_REQUIRED ACTION_:
A word-for-word repetition of all the entries is required.

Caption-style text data
○ ○ ○ ○ ○ ○ ○
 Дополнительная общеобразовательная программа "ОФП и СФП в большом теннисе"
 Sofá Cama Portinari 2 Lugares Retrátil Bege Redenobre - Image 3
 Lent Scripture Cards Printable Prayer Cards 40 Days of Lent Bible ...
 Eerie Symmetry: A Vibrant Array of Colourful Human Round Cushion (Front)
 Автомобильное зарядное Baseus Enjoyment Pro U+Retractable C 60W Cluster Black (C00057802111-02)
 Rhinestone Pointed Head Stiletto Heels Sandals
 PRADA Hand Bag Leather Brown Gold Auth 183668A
○ ○ ○ ○ ○ ○ ○
_RESPONSE TO THE TASK_:
 Дополнительная общеобразовательная программа "ОФП и СФП в большом теннисе"
 Sofá Cama Portinari 2 Lugares Retrátil Bege Redenobre - Image 3
 Lent Scripture Cards Printable Prayer Cards 40 Days of Lent Bible ...
 Eerie Symmetry: A Vibrant Array of Colourful Human Round Cushion (Front)
 Автомобильное зарядное Baseus Enjoyment Pro U+Retractable C 60W Cluster Black (C00057802111-02)
 Rhinestone Pointed Head Stiletto Heels Sandals
 PRADA Hand Bag Leather Brown Gold Auth 183668A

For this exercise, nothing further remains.